Saved data entries
-- Opening Marker --
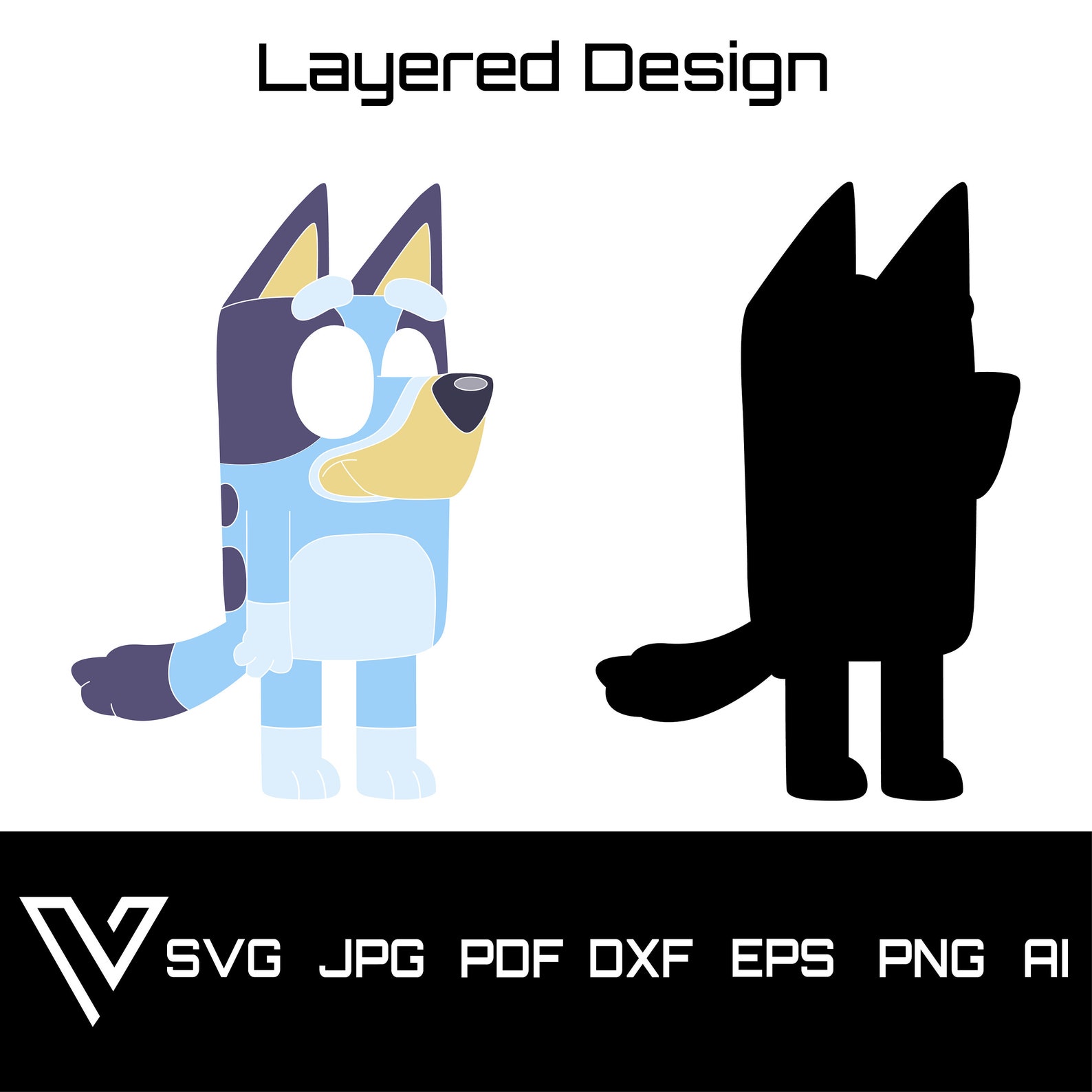 Bluey Heeler Puppy Dog Layered SVG Vector Bluey Dog Puppy Etsy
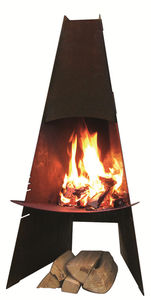 wood-burning fireplace / contemporary / open hearth / central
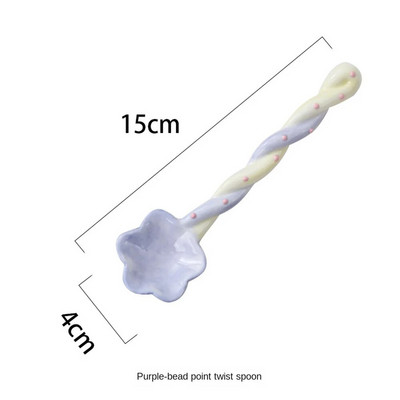 Macaron Flowers Kerámia kanál háztartási, hosszú nyelű kanál Aranyos étkészlet Konyhai Só Cukor Fűszeres Kanál Konyhai edények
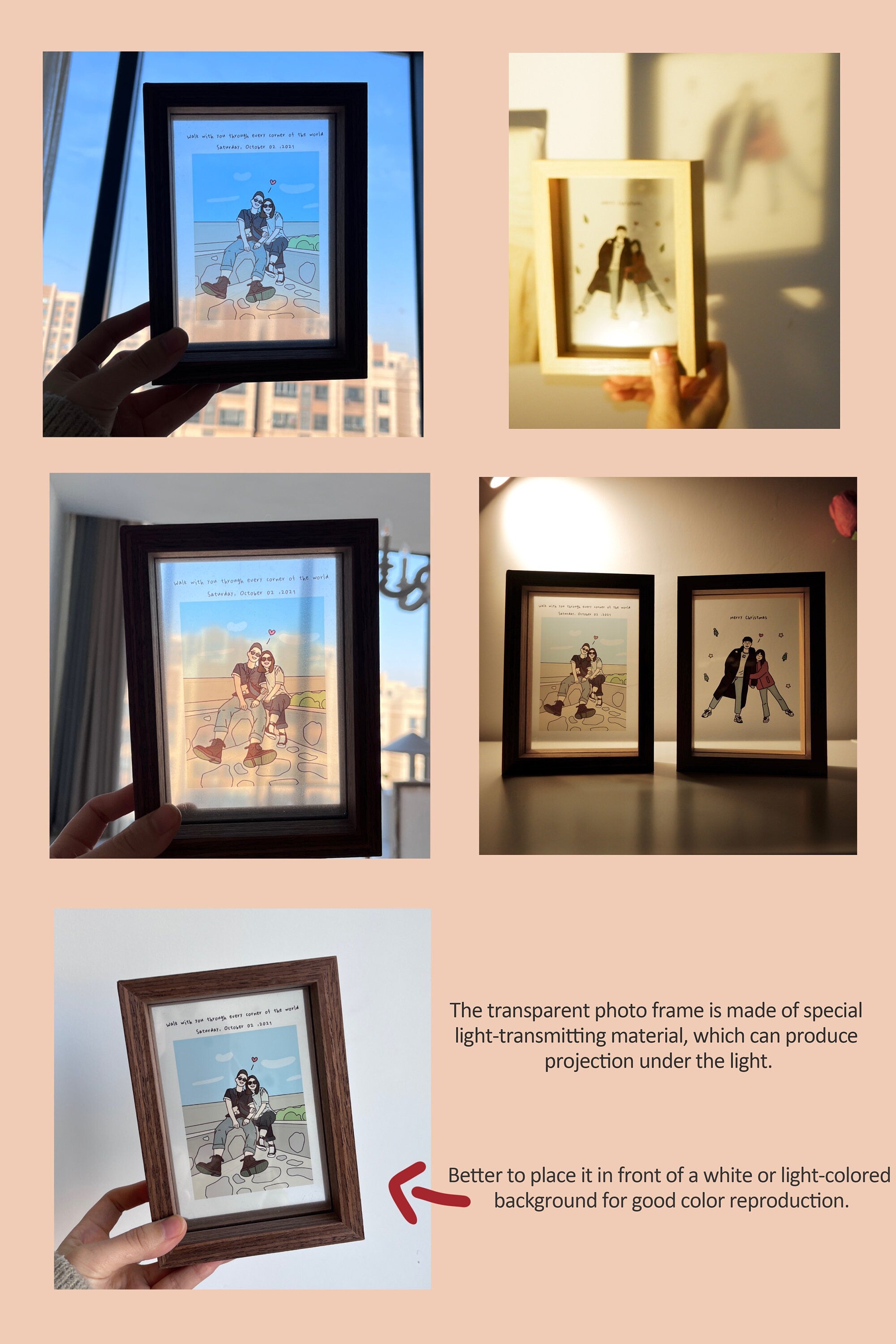 Couple Portrait illustration Couple Family Photo Frame Transparent Background Desktop Picture Frame with Photo Printing 4x6 or 5x7 Wedding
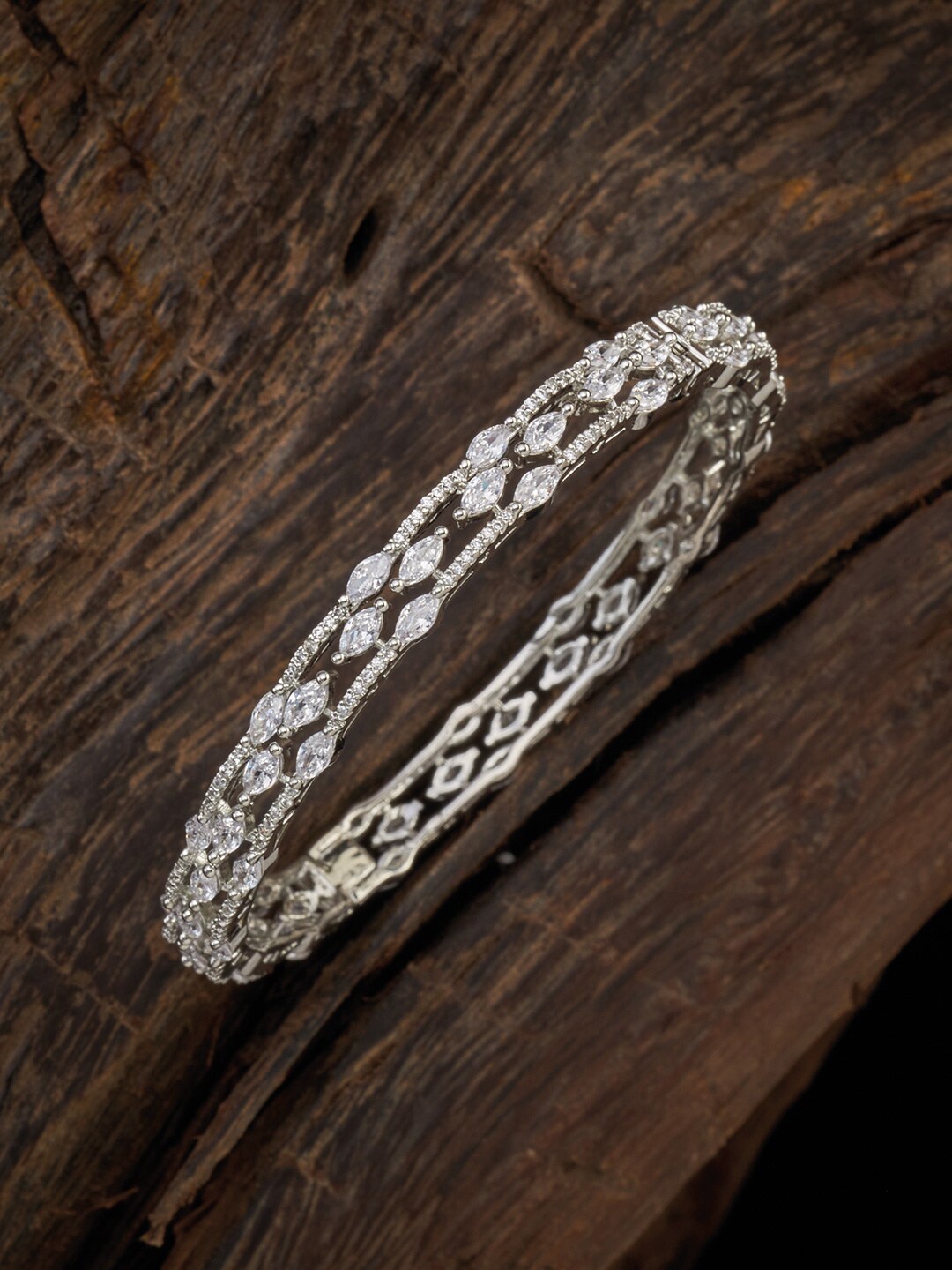 

Kushal's Fashion Jewellery Rhodium-Plated Silver-Toned & White CZ-Studded Bangle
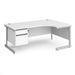 Right Hand Ergonomic Desk with 2 Lockable Drawers Pedestal and Beech Coloured MFC Top with Silver Frame Cantilever Legs Contract 25 1600 x 1200 x 725 mm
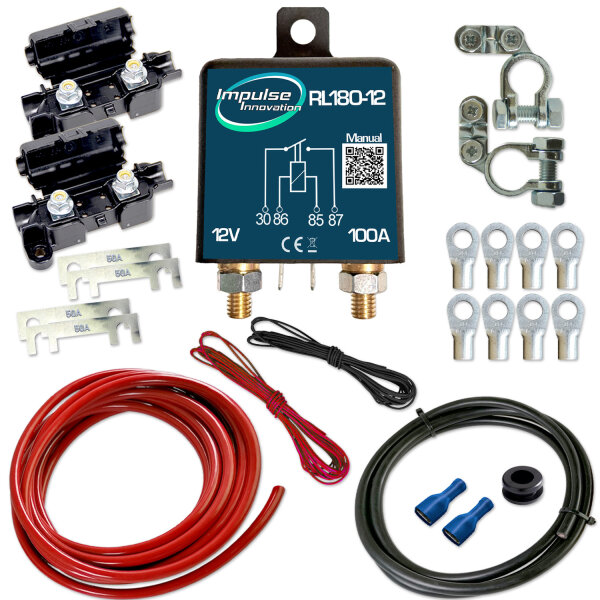 Zweitbatterieset | RL180-12 Trennrelais 12V 100A | 3,5m 10mm² Kabel | 10 Streifensicherungen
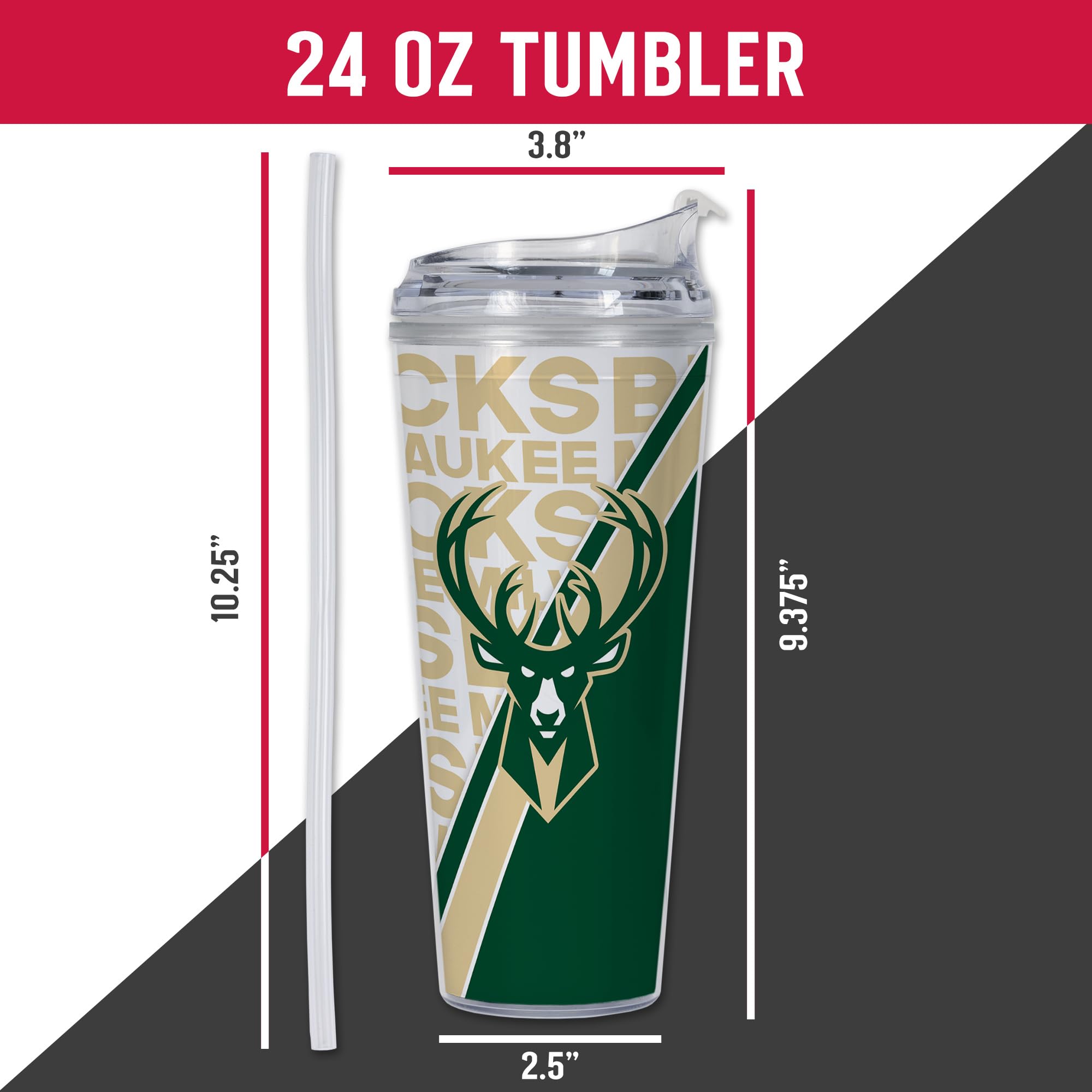 Rico Industries NBA Basketball Utah Jazz - Vaso acrílico de 24 onzas con tapa con bisagras, vaso de doble pared con licencia oficial y popote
-- Closing Marker --
In the copy, include each entry exactly as written and none of the pictures.

Exercise response
 Bluey Heeler Puppy Dog Layered SVG Vector Bluey Dog Puppy Etsy
 wood-burning fireplace / contemporary / open hearth / central
 Macaron Flowers Kerámia kanál háztartási, hosszú nyelű kanál Aranyos étkészlet Konyhai Só Cukor Fűszeres Kanál Konyhai edények
 Couple Portrait illustration Couple Family Photo Frame Transparent Background Desktop Picture Frame with Photo Printing 4x6 or 5x7 Wedding

Kushal's Fashion Jewellery Rhodium-Plated Silver-Toned & White CZ-Studded Bangle
 Right Hand Ergonomic Desk with 2 Lockable Drawers Pedestal and Beech Coloured MFC Top with Silver Frame Cantilever Legs Contract 25 1600 x 1200 x 725 mm
 Zweitbatterieset | RL180-12 Trennrelais 12V 100A | 3,5m 10mm² Kabel | 10 Streifensicherungen
 Rico Industries NBA Basketball Utah Jazz - Vaso acrílico de 24 onzas con tapa con bisagras, vaso de doble pared con licencia oficial y popote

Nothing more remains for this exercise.